Secondo uno studio Regus, nel nostro Paese l’82% delle aziende offre forme di autonomia ai propri dipendenti. Il principale freno resta la fiducia
La prassi del lavoro flessibile, inteso come possibilità da parte dei dipendenti di gestire in autonomia orari e luogo di lavoro (vi rientra il telelavoro), si è ormai imposta un po’ in tutto il mondo. Se fino a qualche anno fa questo privilegio, in genere invidiatissimo dai lavoratori, era appannaggio dei Paesi angolsassoni e delle grandi multinazionali (Usa in primis), ora si è fatto strada a livello mondiale e persino l’Italia risulta soprendentemente “evoluta”. Questo è ciò che emerge da un’indagine Regus realizzata lo scorso febbraio e che ha coinvolto 17mila aziende in 80 paesi.
Secondo lo studio, a livello mondiale ben quattro quinti delle aziende (circa l’81%) offrono ormai al loro personale forme di lavoro flessibile. Perché? In primo luogo perché molte si sono rese conto che ciò comporta una riduzione dei costi (è così per il 60% degli intervistati), per esempio attuando forme di desk sharing. Si calcola, infatti, che un “posto scrivania” in ufficio costi una cifra compresa tra i 4mila e gli 11mila dollari l’anno per dipendente, con i Paesi occidentali che si pongono in una media di 7mila dollari/anno.
Le aziende che hanno optato per la flessibilità si sono anche rese conto che in questo modo si incrementa la motivazione e la produttività dei dipendenti, oltre a migliorare l’equilibrio vita/lavoro e a ridurre le emissioni di Co2, per via dei minori spostamenti effettuati.
Ma c’è di più, perché secondo il 21% del campione il fatto di offrire flessibilità conferisce alle aziende un vantaggio competitivo nell’accaparrarsi i migliori talenti, anche perché l’assunzione in questo caso non è legata alla vicinanza territoriale.

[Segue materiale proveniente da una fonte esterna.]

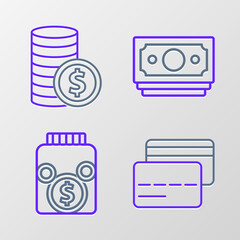 Set line Credit card, Glass money jar with coin, Stacks paper cash and Coin dollar icon. Vector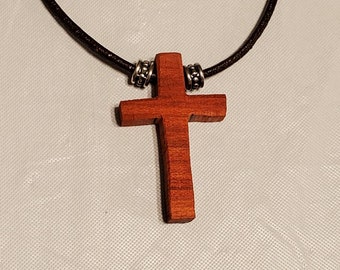 Crude Rustic Exotic Wood Christian Crucifix Cross Pendant Necklace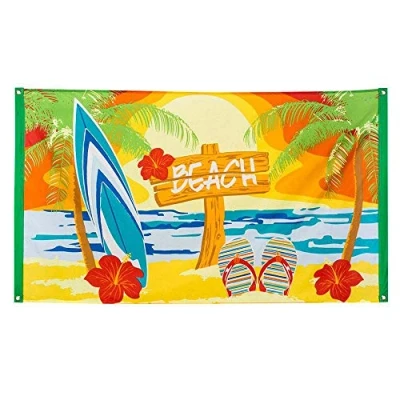 Afbeelding van Boland Polyester vlag &#039;Beach&#039; Tropisch Hawaii Themafeest Tuinfeest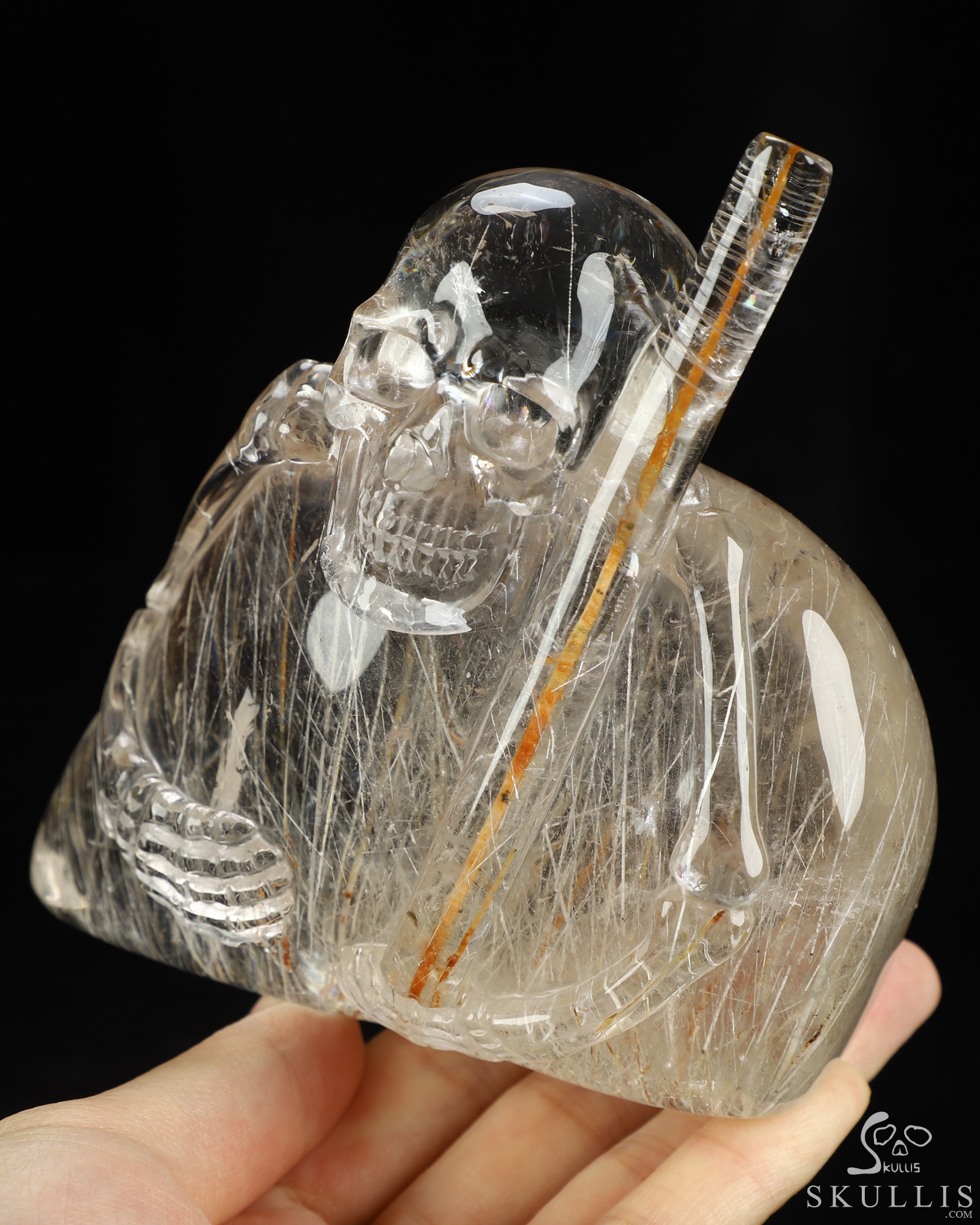 Sept 27, 2026 ACSAD (A Crystal Skull a Day) - The Last Pilgrim - Gemstone 4.5" Rutilated Quartz Rock Crystal Hand Carved Crystal Skull Fine Art Sculpture with Red Rutile Staff, Crystal Healing Sept 27, 2026 ACSAD (A Crystal Skull a Day) - The Last Pilgrim - Gemstone 4.5" Rutilated Quartz Rock Crystal Hand Carved Crystal Skull Fine Art Sculpture with Red Rutile Staff, Crystal Healing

Italia particolarmente evoluta
Ed ecco la sorpresa dell’Italia. I dati Regus sull’utilizzo di forme di lavoro flessibile collocano il nostro Paese molto vicino agli Usa, la patria di questo modello (utilizzato dall’85% delle aziende) e ci portano con un 82% al di sopra della media mondiale. Anche da noi è alta (58%) la percentuale di chi ritiene che la flessibilità comporti costi minori rispetto al lavoro fisso in ufficio. Per la verità sorprende anche il dato relativo alla Spagna, che si piazza al primo posto con l’88% di aziende che hanno adottato forme di flessibilità, seguita da Francia e Regno Unito con l’83% e “ultima” la Germania con il 76%.
“Il fatto che il lavoro flessibile sia diventato ormai la norma è sicuramente una buona notizia – ha commentato Mauro Mordini, Direttore Regus Italia, Malta e Israele – . Dalle aziende ai dipendenti, dalle famiglie all’intera società e anche all’ambiente, tutti quanti possono trarne vantaggio”.

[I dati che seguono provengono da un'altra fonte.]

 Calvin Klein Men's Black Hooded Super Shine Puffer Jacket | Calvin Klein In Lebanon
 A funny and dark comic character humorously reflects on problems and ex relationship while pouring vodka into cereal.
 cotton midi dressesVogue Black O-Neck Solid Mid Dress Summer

Un privilegio solo per senior
Il privlilegio della flessibilità tuttavia è accordato preferibilmente a personale con una certa anzianità, anzi nel 40% dei casi “solamente” a impiegati senior (il 28% in Italia), un fatto legato alla minore fiducia che le aziende ripongono nel personale giovane o neoassunto.
Il principale problema che la flessibilità deve affrontare è difatti proprio il rapporto di fiducia tra l’azienda e il dipendente, dato che non può essere in questo caso esercitato un controllo fisico. Eppue basterebbe fissare precisi obiettivi e stabilire altettanto precise scadenze temporali.
“Basando il diritto alla flessibilità sul grado di anzianità del personale – ha aggiunto Mordini – alcune aziende perdono preziose opportunità, causando perfino l’allontanamento di nuovi e giovani talenti molto ambiti per l’azienda. Dopo che gli studi hanno dimostrato che consentendo un certo grado di flessibilità al personale la produttività aumenta, è deludente scoprire come le aziende lascino che le questioni di fiducia siano da ostacolo nell’offrire il lavoro flessibile a tutti i dipendenti. Tuttavia, poiché una grossa fetta ne riconosce i vantaggi pur non adottandolo ancora, possiamo aspettarci un’ulteriore crescita del lavoro flessibile nel corso del decennio”.